**Task objective**
Taking the line with "Дача 20 м² на участке 4 сот." as the first and the line with "1 Bedroom Flat" as the last, set down exactly every line in that range from the entries below, and no more.

[[ Records for this task open ]]

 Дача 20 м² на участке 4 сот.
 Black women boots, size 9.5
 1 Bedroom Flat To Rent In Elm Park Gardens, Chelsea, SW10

[[ Records for this task closed ]]
[[ Records for this task open ]]

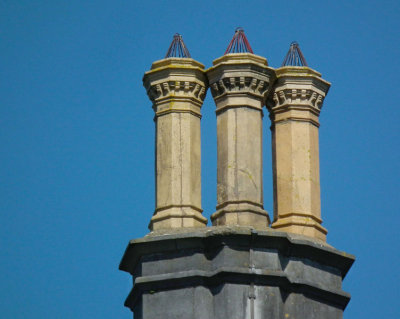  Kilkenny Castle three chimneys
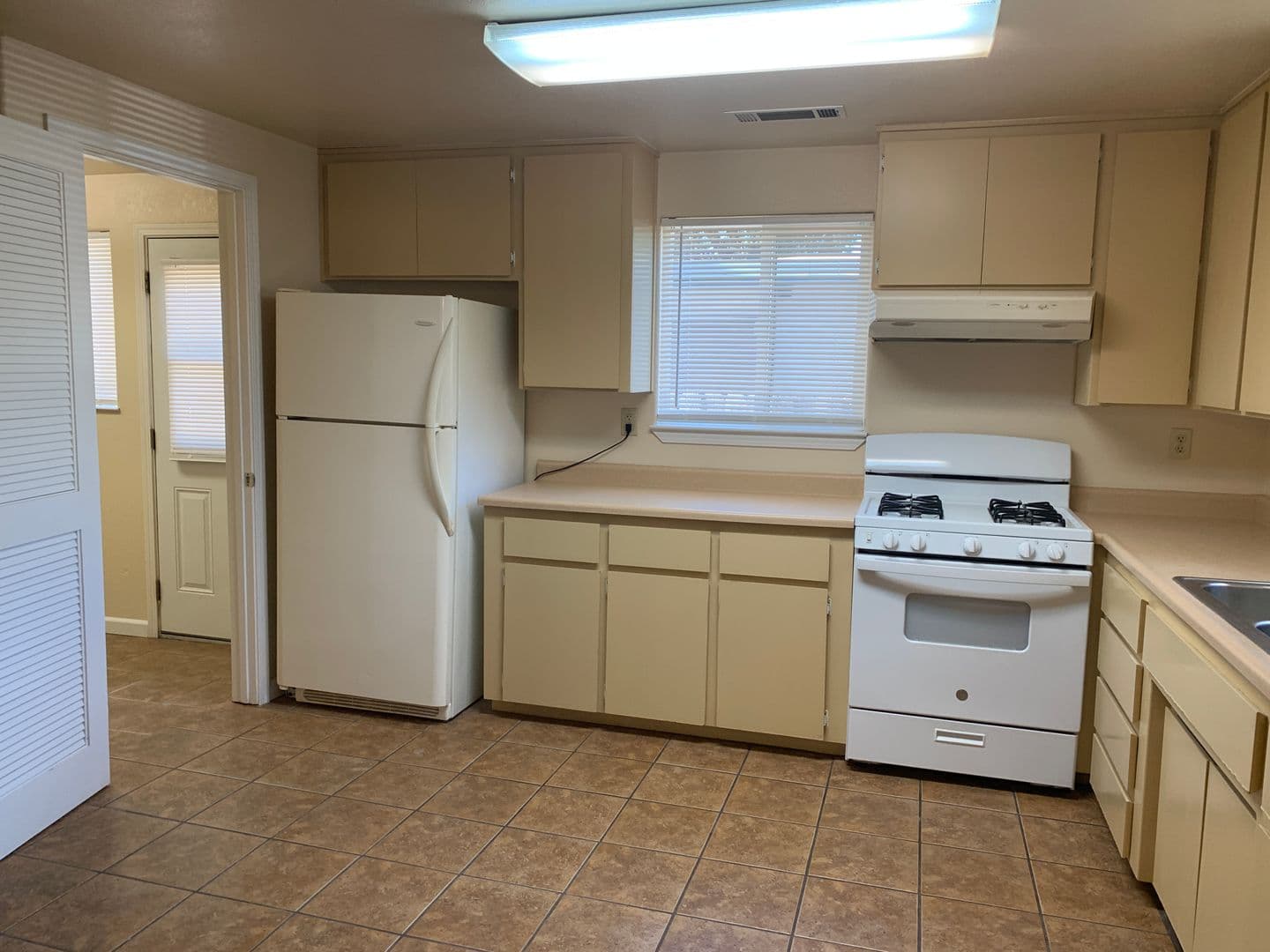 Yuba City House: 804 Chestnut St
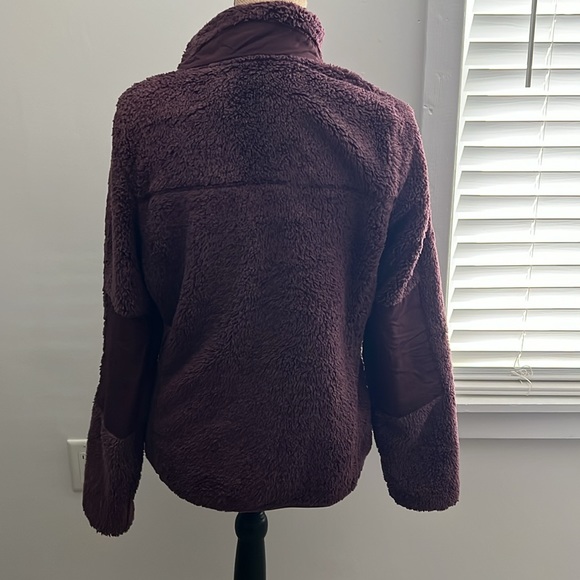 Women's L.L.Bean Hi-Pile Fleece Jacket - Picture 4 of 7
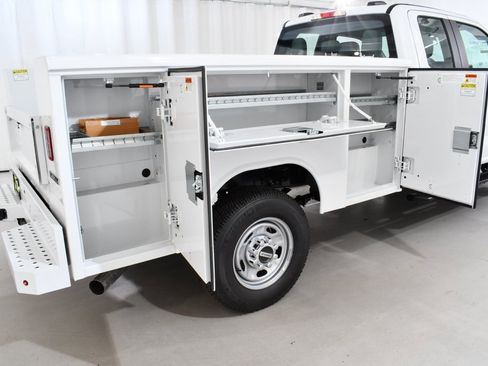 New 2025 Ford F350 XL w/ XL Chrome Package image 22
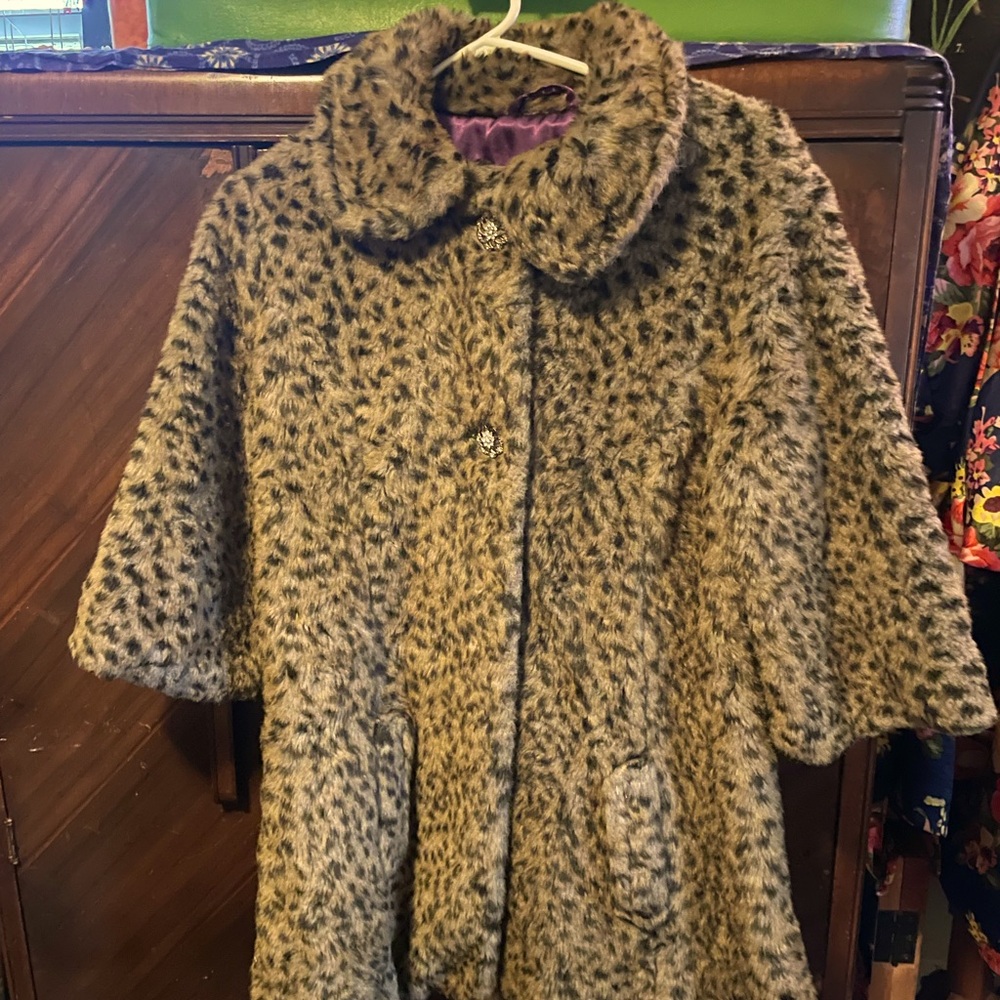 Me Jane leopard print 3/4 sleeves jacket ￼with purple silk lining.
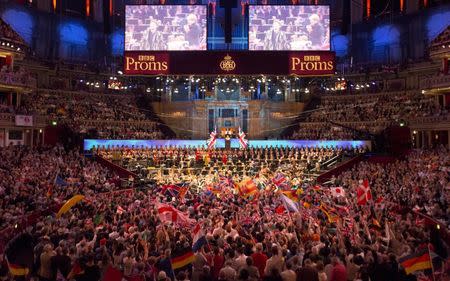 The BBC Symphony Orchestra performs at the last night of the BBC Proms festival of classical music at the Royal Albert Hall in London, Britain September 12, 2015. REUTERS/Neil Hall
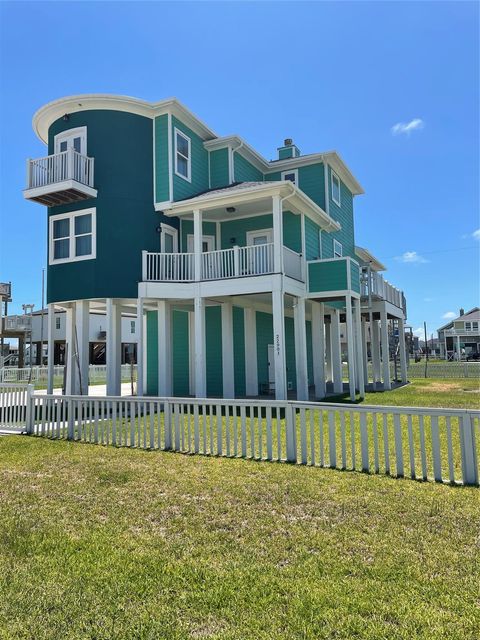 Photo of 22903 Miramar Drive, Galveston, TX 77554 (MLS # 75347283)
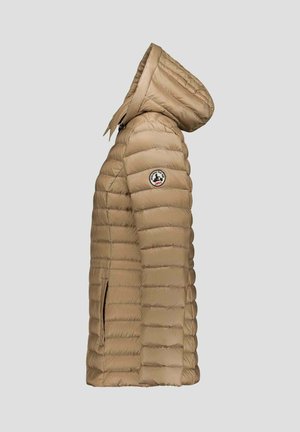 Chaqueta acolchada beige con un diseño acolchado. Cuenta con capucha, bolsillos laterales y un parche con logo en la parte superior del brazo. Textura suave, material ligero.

[[ Records for this task closed ]]

**Task solution**
 Дача 20 м² на участке 4 сот.
 Black women boots, size 9.5
 1 Bedroom Flat To Rent In Elm Park Gardens, Chelsea, SW10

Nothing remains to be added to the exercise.